Each line from the opening of the records that follow to the line with "Science, Technology, Engineering, and" needs to be written out exactly. Add nothing.

> ENTRIES SHOWN:
────

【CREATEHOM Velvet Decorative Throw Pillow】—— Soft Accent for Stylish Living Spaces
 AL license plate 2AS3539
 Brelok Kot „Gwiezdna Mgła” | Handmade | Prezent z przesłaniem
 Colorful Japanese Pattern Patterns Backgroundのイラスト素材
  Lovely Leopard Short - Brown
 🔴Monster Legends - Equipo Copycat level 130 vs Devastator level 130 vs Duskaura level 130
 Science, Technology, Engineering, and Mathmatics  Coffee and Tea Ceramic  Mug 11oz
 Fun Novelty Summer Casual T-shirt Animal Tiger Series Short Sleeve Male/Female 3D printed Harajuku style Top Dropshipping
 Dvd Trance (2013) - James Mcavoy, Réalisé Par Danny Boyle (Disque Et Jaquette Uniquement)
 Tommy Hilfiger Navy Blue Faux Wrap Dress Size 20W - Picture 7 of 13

────

> FINISHED EXERCISE:
【CREATEHOM Velvet Decorative Throw Pillow】—— Soft Accent for Stylish Living Spaces
 AL license plate 2AS3539
 Brelok Kot „Gwiezdna Mgła” | Handmade | Prezent z przesłaniem
 Colorful Japanese Pattern Patterns Backgroundのイラスト素材
  Lovely Leopard Short - Brown
 🔴Monster Legends - Equipo Copycat level 130 vs Devastator level 130 vs Duskaura level 130
 Science, Technology, Engineering, and Mathmatics  Coffee and Tea Ceramic  Mug 11oz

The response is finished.